All configuration is mounted from /opt/coderz/configs/nagios/ into the container:
FilePurpose
coderz-hosts.cfgHost definitions (coderz-server)
coderz-services.cfgAll service check definitions
coderz-commands.cfgCustom check commands
cgi.cfgWeb UI authorization (authorizes nagiosadmin user)

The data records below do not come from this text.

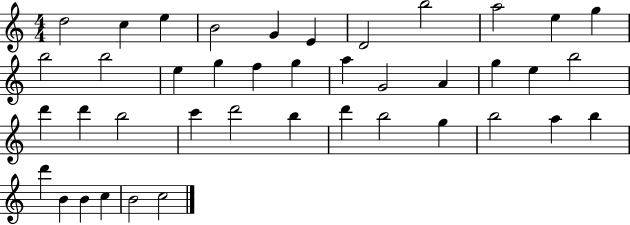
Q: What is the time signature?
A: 4/4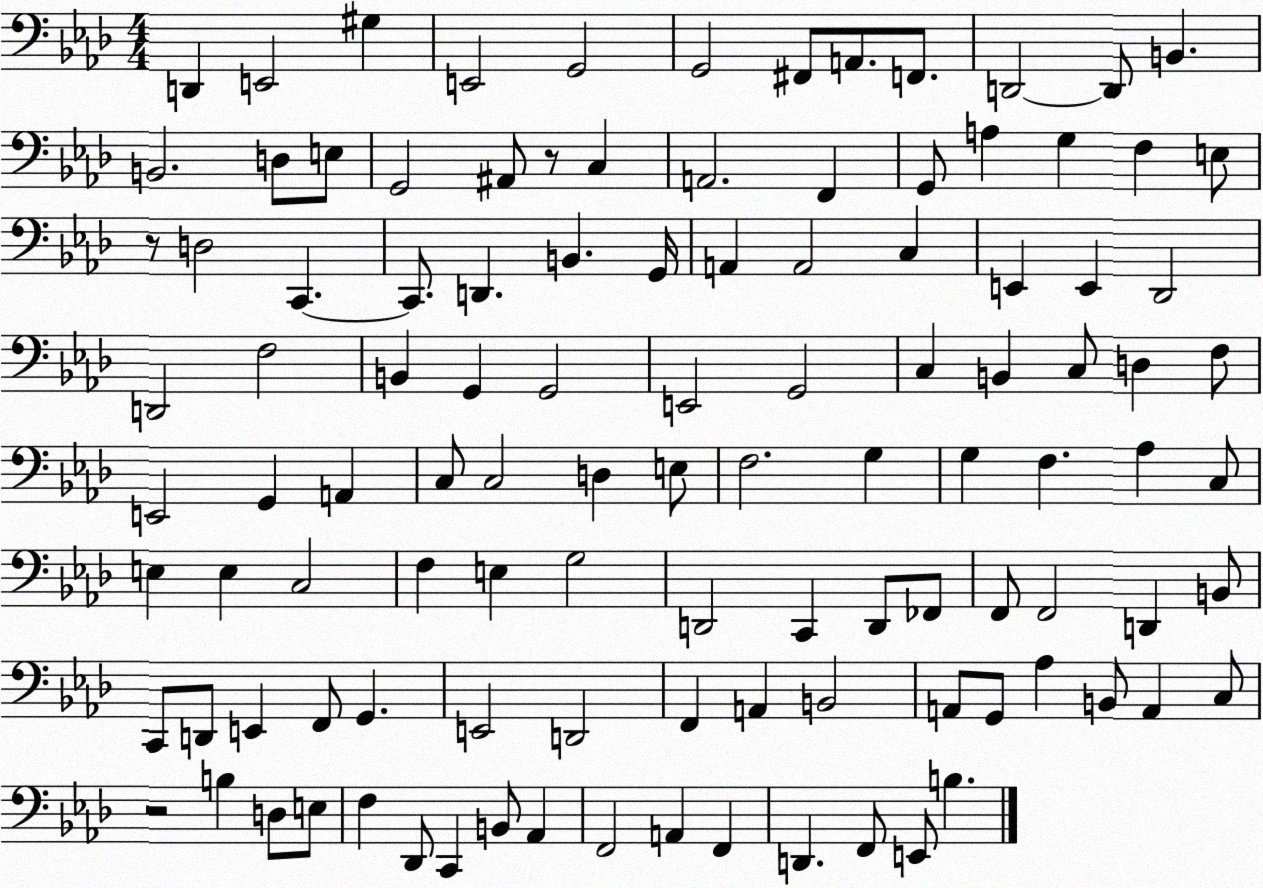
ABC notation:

X:1
T:Untitled
M:4/4
L:1/4
K:Ab
D,, E,,2 ^G, E,,2 G,,2 G,,2 ^F,,/2 A,,/2 F,,/2 D,,2 D,,/2 B,, B,,2 D,/2 E,/2 G,,2 ^A,,/2 z/2 C, A,,2 F,, G,,/2 A, G, F, E,/2 z/2 D,2 C,, C,,/2 D,, B,, G,,/4 A,, A,,2 C, E,, E,, _D,,2 D,,2 F,2 B,, G,, G,,2 E,,2 G,,2 C, B,, C,/2 D, F,/2 E,,2 G,, A,, C,/2 C,2 D, E,/2 F,2 G, G, F, _A, C,/2 E, E, C,2 F, E, G,2 D,,2 C,, D,,/2 _F,,/2 F,,/2 F,,2 D,, B,,/2 C,,/2 D,,/2 E,, F,,/2 G,, E,,2 D,,2 F,, A,, B,,2 A,,/2 G,,/2 _A, B,,/2 A,, C,/2 z2 B, D,/2 E,/2 F, _D,,/2 C,, B,,/2 _A,, F,,2 A,, F,, D,, F,,/2 E,,/2 B,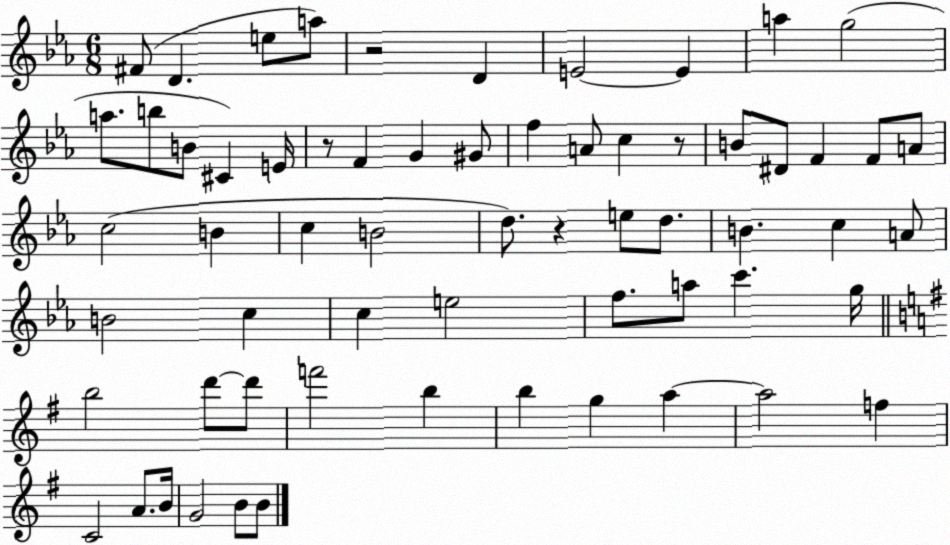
X:1
T:Untitled
M:6/8
L:1/4
K:Eb
^F/2 D e/2 a/2 z2 D E2 E a g2 a/2 b/2 B/2 ^C E/4 z/2 F G ^G/2 f A/2 c z/2 B/2 ^D/2 F F/2 A/2 c2 B c B2 d/2 z e/2 d/2 B c A/2 B2 c c e2 f/2 a/2 c' g/4 b2 d'/2 d'/2 f'2 b b g a a2 f C2 A/2 B/4 G2 B/2 B/2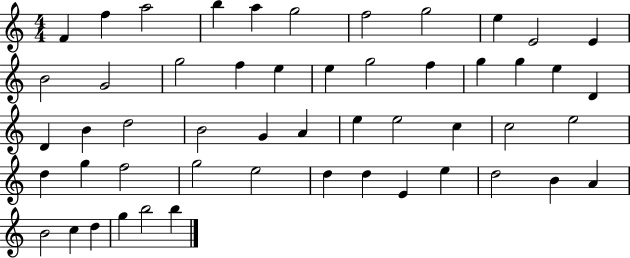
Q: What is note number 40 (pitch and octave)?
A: D5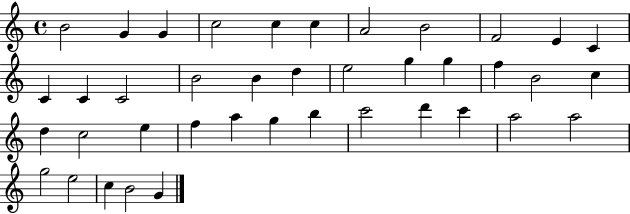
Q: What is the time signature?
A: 4/4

Adding a New Service Check

Edit /opt/coderz/configs/nagios/coderz-services.cfg and add:
define service {
    host_name               coderz-server
    service_description     HTTP - My New Service
    check_command           check_http_port!PORT!/PATH
    check_interval          1
    retry_interval          1
    max_check_attempts      3
    check_period            24x7
    notification_interval   10
    notification_period     24x7
    contact_groups          admins
}
Then restart Nagios:
docker compose -f /opt/coderz/docker-compose.yml restart nagios

Custom Commands

The check_http_port and check_tcp_port commands are defined in coderz-commands.cfg:
# HTTP check on a specific port and path
define command {
    command_name    check_http_port
    command_line    $USER1$/check_http -H 109.199.120.120 -p $ARG1$ -u $ARG2$ -t 10
}

# TCP port check
define command {
    command_name    check_tcp_port
    command_line    $USER1$/check_tcp -H 109.199.120.120 -p $ARG1$ -t 10
}

How Host Metrics Work

Nagios runs inside Docker but monitors real host resources by reading from the host filesystem:
MountContainer PathUsed For
Host /proc/hostfs/procCPU load, memory (/proc/meminfo, /proc/loadavg)
Host /sys/hostfs/sysSystem devices
Host //hostfs/rootDisk usage (check_disk -p /hostfs/root)
This avoids the need for NRPE agents on the host while still giving accurate system readings.

Docker Compose

nagios:
  image: jasonrivers/nagios:latest
  container_name: coderz-nagios
  ports:
    - "8089:80"
  environment:
    - NAGIOSADMIN_USER=nagiosadmin
    - NAGIOSADMIN_PASS=coderz123
  volumes:
    - ./configs/nagios:/etc/nagios4/conf.d/coderz:ro
    - ./configs/nagios/cgi.cfg:/opt/nagios/etc/cgi.cfg:ro
    - /proc:/hostfs/proc:ro
    - /sys:/hostfs/sys:ro
    - /:/hostfs/root:ro
  networks:
    - coderz-net

Comparison with Prometheus / Grafana

NagiosPrometheus + Grafana
TypeActive probingPassive scraping
Best forUp/down, reachabilityMetrics, trends, performance
AlertingBuilt-in, per-checkRule-based, threshold over time
DashboardsBasic status tablesRich graphs and histograms
Latency dataNoYes
Use Nagios to know if something is up or down. Use Grafana to understand why it’s slow or degraded.